Spurning those arguments, the court declared in its main opinion that OSHA exceeded its statutory role in workplace safety as it addressed broad public health concerns arising from Covid-19. The majority opinion, which was unsigned, narrowly construed OSHA's power over "occupational" safety.

It described the Biden rule as a "blunt instrument" that "draws no distinctions based on industry or risk of exposure to Covid-19. Thus, most lifeguards and linemen face the same regulations as do medics and meatpackers."

The court's emphasis, that the vaccine rules were "not property tailored to the risks facing different types of workers and workplaces," reflected a traditionally conservative interpretation.

In contrast, the three conservatives who offered a separate concurring statement, wrote more expansively about the limits of agency power and addressed larger constitutional questions of the separation of powers.
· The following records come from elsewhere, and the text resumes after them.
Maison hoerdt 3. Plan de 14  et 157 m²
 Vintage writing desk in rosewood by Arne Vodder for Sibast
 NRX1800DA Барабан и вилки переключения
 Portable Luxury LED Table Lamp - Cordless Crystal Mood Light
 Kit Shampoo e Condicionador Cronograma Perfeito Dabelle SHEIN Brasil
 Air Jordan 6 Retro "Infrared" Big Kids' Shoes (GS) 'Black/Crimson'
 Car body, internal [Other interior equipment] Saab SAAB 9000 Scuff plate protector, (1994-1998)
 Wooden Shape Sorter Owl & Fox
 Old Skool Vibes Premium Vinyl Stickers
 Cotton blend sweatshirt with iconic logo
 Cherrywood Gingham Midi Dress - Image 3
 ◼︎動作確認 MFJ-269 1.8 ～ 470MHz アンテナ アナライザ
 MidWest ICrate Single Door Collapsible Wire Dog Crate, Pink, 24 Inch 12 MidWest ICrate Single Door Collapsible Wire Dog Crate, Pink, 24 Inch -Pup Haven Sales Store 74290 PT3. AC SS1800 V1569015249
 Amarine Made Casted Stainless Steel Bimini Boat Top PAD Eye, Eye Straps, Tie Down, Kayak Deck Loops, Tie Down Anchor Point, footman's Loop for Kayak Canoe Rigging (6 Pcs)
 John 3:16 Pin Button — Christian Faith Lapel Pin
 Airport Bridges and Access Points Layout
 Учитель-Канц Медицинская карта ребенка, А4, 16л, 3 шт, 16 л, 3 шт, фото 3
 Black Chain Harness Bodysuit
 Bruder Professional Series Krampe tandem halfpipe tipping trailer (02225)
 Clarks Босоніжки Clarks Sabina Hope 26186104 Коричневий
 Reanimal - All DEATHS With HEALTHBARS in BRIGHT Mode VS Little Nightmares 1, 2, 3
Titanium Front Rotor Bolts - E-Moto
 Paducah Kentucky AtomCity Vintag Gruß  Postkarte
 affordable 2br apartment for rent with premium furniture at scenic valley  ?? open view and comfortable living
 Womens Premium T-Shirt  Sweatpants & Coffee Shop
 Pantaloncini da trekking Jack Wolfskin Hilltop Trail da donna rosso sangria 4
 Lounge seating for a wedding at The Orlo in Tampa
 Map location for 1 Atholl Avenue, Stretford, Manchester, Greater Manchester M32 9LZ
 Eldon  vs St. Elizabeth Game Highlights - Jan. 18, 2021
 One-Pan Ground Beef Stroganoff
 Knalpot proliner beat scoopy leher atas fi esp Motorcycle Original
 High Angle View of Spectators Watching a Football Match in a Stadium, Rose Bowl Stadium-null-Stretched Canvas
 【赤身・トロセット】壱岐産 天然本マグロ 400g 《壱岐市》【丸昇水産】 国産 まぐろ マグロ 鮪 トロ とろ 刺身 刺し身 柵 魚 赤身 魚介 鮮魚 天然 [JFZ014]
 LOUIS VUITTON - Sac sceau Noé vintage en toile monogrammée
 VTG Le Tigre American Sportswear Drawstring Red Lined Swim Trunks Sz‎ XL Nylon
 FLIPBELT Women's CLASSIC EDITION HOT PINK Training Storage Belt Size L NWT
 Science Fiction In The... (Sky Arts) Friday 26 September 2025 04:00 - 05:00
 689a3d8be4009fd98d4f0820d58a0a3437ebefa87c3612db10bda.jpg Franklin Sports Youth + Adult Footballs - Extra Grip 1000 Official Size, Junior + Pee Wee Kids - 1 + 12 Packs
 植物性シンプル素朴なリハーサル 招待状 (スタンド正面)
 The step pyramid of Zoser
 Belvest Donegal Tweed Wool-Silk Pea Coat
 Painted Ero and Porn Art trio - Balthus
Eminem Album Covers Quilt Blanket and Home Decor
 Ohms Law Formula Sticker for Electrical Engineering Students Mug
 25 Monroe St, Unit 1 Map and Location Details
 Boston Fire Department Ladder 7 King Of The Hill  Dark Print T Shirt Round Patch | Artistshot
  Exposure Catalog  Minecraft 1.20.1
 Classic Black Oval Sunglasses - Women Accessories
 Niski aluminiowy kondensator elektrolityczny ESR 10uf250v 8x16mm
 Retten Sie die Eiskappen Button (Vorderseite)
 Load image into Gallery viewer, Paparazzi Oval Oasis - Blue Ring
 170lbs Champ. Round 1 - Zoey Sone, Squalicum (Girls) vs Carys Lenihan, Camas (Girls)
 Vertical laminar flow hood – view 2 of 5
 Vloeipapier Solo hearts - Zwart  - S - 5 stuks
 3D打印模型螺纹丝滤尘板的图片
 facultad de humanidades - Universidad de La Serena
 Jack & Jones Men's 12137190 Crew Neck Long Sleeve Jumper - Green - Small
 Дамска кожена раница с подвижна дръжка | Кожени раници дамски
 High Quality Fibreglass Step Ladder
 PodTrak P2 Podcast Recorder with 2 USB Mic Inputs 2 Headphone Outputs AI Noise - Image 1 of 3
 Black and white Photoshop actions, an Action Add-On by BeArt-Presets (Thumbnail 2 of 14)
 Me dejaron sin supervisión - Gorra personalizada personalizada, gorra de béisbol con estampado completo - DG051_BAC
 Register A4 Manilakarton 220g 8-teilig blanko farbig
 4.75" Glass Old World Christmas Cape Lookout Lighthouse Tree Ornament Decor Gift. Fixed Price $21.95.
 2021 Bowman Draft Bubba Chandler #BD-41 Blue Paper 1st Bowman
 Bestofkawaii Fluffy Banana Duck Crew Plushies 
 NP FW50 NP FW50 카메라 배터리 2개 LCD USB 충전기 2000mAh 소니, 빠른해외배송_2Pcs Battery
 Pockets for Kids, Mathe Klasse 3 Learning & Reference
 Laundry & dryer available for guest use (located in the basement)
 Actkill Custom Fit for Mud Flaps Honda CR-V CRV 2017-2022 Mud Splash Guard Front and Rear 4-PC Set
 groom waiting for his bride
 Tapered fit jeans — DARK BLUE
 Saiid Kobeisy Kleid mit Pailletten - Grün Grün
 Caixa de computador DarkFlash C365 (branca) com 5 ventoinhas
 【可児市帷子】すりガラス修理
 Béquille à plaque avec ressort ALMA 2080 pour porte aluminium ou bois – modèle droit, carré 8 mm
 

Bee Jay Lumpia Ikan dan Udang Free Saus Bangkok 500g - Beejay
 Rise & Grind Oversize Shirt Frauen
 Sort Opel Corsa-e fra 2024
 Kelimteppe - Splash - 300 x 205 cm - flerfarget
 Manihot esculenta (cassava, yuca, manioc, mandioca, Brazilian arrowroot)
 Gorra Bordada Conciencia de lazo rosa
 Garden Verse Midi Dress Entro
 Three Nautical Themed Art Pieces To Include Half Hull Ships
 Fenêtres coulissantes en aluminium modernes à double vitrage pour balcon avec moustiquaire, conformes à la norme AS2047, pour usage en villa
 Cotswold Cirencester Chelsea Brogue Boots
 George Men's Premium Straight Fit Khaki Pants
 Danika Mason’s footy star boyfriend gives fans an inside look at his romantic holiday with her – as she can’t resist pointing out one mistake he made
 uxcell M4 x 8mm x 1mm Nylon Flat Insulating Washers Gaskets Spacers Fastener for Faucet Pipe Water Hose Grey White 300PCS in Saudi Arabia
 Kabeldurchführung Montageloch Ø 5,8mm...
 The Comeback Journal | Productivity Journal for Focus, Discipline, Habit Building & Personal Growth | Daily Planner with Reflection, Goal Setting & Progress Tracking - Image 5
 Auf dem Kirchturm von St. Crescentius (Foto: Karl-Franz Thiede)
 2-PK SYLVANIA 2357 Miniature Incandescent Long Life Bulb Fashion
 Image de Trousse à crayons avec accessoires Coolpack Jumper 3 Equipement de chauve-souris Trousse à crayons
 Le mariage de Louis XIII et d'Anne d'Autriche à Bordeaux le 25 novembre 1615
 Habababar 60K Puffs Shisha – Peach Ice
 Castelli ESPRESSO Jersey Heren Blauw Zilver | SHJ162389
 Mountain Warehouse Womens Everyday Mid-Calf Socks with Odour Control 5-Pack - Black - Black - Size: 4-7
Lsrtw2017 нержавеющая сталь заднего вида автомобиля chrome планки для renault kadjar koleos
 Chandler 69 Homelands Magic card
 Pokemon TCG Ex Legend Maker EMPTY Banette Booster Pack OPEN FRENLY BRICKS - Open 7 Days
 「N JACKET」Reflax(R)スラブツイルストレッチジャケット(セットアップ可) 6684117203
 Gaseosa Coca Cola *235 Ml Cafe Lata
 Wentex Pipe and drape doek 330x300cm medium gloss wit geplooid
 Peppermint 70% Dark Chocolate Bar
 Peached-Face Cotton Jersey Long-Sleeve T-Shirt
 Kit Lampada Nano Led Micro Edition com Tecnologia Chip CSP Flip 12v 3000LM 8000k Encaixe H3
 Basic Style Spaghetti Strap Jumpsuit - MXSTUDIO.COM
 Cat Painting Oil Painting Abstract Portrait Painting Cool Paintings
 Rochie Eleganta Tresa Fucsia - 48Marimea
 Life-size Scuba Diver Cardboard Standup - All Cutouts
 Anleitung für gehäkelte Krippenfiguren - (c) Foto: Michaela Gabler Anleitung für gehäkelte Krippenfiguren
They touched on themes embraced by the administration of Trump, who sought to diminish the reach of "the administrative state" in his policy agenda and in the selection of judicial candidates.

"If administrative agencies seek to regulate the daily lives and liberties of millions of Americans ... ," Gorsuch wrote, joined by Thomas and Alito, "they must at least be able to trace that power to a clear grant of authority from Congress."

Gorusch observed that Congress may sometimes be "tempted to delegate power to agencies" to avoid being held accountable for unpopular policies.

But he added, "If Congress could hand off all its legislative powers to unelected agency officials, it would dash the whole scheme of our Constitution and enable intrusions into the private lives and freedom of Americans by bare edict rather than only with the consent of their elected representatives."

Versions of the debate over Congress' ability to delegate power to agencies has played out past cases, with liberals often emphasizing that Congress relies on agencies to implement laws in today's increasingly complex times.

On Thursday, however, the three liberals chose to home in on the immediate cost to the country from the OSHA ruling.

"In the face of a still-raging pandemic," Breyer, Sotomayor and Kagan wrote in a joint statement, "this Court tells the agency charged with protecting worker safety that it may not do so in all the workplaces needed. As disease and death continue to mount, this Court tells the agency that it cannot respond in the most effective way possible ... It undercuts the capacity of the responsible federal officials, acting well within the scope of their authority, to protect American workers from grave danger."